This turbulence is further heightened by Mulder’s quasi-sculptural approach -- squeezing paint directly from the tube onto the surface, for example -- which results in topographic reliefs. The effect is most evident in his paintings, where the faces of flowers consist primarily of circles built out by layers of paint surrounded by hastily rendered perpendicular brushstrokes to create rough-hewn haloes. The vitality of these marks, drips and textured veneers produces a hypnotic intensity and rhythmic regularity that give even his most somber compositions a somewhat melancholic optimism. To be sure, there are no wilted or drooping flowers in Mulder’s botanical anthology.

Tense, tightly cropped and painted in menacing colors, Untitled 5-20-10 presents a densely composed bouquet in a vase that, seen from a slight aerial angle, appears ready for flight. Similarly, the aggressively painted and wildly colored Punk Flowers is in the process of liberation, with bursting blooms ready to escape the grip of their vase. In contrast, Mulder’s collages are spontaneous, whimsical exercises in bonsai form. Cut and pasted from art auction catalogue reproductions, these catchy snippets beckon interpretation by way of genre classification or artist recognition. Yoshitomo Nara Flower is composed of recognizable Nara characteristics (cartoonish lines, outsized children’s eyes, toy-like forms), while Malevich-El Lissitsky Flower builds geometric forms into a Suprematist-like work.

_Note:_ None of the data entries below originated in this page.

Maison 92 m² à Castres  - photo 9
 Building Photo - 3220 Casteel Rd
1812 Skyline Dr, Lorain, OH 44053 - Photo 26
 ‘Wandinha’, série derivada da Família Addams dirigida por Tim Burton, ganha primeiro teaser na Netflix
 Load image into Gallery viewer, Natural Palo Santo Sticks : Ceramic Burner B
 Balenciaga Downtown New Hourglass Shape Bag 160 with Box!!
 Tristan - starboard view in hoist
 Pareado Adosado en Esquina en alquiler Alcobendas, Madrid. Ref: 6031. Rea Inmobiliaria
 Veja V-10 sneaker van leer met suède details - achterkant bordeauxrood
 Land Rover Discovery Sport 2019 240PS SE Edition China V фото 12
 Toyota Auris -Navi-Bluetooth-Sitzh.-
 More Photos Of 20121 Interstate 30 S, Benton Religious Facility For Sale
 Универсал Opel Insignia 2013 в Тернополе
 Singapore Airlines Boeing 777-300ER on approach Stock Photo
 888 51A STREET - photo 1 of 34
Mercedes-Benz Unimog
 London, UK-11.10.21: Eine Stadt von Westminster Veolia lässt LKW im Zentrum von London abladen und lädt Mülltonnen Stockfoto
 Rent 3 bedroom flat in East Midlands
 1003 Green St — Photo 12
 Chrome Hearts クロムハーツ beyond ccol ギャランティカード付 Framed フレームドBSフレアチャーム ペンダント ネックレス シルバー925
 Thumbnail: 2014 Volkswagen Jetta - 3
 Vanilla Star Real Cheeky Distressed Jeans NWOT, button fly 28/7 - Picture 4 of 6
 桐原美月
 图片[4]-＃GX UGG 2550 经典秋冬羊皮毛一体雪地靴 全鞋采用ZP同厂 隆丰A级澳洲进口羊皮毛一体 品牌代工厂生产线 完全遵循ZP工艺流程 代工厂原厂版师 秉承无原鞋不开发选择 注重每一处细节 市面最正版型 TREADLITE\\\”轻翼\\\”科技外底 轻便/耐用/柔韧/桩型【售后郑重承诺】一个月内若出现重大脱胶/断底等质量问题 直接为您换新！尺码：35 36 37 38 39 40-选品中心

In conveying turbulence and flux, Mulder’s floral explorations reveal a genuine and tireless meditation on painting that puts forth the still life as a mirror to individual states of mind. Taken together, these vivid, animated works demonstrate a steadfast effort to impose a semblance of order upon an otherwise chaotic world. As such, the symbolic dimension of Mulder’s flowers lies not in their traditional capacity to portray the transitory nature of life, but rather the enduring character of our un-still lives.